First, there may be an objective reason to renew some of your memberships. For example, if you are ATA-certified, you are required to maintain your ATA membership in order to use the Certified Translator credential. If you belong to any associations that have a similar policy, or that charge a late fee if you do not renew on time, pay those dues first.
Then, you might want to look at whether you made the most of your association memberships in 2010. For example, many associations allow non-members to attend their events by paying a higher fee. Did you attend enough events to recoup your membership dues investment, or would you be better off letting your membership lapse and paying the non-member fee? Is the association’s e-mail list particularly valuable? If you joined the association for networking purposes, did you actually land some translation projects through your contacts?
To avoid redundancy, research whether you are a member of any associations through an association you already belong to. For example, Colorado Translators Association purchases a yearly institutional membership to the Denver World Trade Center, so our members can attend WTC events at the member price. Likewise, FIT, the International Federation of Translators, allows members of its member associations (including ATA) to attend its events.

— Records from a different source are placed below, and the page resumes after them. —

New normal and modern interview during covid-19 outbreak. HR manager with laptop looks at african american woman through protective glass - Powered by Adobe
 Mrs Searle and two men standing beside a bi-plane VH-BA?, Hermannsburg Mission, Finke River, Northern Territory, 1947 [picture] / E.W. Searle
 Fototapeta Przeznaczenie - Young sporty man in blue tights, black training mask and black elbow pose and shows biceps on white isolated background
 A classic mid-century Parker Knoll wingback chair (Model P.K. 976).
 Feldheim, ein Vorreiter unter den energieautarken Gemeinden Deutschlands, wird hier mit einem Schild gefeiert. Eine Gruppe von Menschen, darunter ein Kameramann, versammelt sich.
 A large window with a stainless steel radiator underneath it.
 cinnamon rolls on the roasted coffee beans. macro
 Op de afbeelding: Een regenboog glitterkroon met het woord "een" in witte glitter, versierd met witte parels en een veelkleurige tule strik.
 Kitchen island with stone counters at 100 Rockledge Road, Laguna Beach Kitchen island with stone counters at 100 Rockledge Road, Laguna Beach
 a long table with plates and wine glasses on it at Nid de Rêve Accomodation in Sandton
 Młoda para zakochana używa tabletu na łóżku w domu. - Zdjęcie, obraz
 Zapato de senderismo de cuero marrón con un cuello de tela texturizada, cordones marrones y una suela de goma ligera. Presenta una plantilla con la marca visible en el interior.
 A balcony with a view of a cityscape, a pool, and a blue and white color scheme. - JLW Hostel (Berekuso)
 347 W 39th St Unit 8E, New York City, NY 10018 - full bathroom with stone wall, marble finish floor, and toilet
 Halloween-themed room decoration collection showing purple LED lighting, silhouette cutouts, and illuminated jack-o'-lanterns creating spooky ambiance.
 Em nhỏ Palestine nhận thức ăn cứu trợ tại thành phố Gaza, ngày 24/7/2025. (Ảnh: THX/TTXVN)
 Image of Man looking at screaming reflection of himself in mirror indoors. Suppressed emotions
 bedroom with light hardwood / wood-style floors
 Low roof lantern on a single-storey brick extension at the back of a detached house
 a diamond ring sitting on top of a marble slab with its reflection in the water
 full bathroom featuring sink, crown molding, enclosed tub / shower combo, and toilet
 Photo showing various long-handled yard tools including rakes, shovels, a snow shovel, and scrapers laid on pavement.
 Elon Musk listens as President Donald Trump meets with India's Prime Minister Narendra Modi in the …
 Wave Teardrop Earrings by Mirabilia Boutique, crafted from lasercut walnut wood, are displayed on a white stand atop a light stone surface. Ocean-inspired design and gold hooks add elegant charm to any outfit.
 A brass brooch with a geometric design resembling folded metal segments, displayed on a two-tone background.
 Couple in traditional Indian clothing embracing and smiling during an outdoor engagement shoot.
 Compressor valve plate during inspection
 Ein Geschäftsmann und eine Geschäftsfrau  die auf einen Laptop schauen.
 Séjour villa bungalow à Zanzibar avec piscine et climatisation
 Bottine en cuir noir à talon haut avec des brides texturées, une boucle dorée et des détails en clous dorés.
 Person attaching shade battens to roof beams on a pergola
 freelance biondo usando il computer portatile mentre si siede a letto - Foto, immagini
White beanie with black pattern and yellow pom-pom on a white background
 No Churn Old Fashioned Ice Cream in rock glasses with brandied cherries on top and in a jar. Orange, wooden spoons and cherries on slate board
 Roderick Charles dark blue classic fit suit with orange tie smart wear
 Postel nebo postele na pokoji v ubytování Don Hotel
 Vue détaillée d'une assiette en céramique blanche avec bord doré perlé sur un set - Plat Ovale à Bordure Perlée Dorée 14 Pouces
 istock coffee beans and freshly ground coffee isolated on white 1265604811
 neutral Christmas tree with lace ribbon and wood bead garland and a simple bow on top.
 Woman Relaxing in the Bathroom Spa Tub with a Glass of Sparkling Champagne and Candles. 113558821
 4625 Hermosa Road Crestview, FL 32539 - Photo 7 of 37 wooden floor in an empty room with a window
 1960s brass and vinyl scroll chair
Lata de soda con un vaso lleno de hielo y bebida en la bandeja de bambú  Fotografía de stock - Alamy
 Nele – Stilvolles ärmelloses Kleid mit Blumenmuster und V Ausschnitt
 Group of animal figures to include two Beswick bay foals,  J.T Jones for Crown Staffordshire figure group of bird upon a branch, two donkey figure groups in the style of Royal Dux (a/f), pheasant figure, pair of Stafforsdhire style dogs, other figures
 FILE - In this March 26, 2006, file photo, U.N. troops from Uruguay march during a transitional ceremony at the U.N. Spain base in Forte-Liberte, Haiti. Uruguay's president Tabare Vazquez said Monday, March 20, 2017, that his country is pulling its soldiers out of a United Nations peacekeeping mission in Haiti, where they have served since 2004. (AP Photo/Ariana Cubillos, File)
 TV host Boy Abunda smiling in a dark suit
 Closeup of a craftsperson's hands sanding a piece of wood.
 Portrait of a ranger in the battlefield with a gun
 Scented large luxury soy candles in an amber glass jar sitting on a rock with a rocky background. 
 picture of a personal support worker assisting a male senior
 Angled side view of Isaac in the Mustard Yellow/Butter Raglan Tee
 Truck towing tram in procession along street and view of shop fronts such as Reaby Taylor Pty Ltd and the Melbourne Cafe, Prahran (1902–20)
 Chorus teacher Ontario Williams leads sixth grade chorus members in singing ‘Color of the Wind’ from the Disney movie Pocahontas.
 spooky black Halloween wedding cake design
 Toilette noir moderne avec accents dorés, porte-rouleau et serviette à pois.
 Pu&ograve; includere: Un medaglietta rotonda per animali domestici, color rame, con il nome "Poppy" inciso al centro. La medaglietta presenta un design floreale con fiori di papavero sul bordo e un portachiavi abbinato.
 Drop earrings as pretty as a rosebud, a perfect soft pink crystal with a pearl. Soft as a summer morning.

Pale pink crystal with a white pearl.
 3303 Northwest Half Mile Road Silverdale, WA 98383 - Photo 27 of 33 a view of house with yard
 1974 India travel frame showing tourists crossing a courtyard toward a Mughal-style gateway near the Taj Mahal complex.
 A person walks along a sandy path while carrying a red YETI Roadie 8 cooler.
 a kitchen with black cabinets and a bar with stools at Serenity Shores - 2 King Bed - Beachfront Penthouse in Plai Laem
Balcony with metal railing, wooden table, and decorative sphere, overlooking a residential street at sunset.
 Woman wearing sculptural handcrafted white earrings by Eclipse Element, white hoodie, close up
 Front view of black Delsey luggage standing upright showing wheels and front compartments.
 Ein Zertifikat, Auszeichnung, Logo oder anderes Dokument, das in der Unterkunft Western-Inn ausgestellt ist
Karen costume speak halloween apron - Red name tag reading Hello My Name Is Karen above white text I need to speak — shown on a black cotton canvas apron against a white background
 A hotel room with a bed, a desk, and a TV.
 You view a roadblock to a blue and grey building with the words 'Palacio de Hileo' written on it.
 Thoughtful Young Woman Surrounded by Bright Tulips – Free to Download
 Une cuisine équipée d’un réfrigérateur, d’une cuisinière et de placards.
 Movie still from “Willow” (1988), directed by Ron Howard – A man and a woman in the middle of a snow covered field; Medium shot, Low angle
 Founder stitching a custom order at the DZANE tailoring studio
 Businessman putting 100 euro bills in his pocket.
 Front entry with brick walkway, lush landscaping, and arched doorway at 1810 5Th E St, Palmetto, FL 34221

And a few pieces of unsolicited advice:
- Be selective about how many event-based associations you join. For example, there are several great event-based professional associations in Denver that I could benefit from joining. However, when I look realistically at how many of those events I will actually attend, membership looks less attractive.
- Consider joining the translators’ association in your non-English language country if they’ll take you as a member. Especially if these associations have active e-mail lists, they can be excellent networking venues because you, as a US-based translator, are a rare commodity!
- Try to belong to at least one association related to your specialization(s). This does not have to be expensive; I recently joined the Society for International Development for 35 euros per year.
Any other tips on professional association memberships?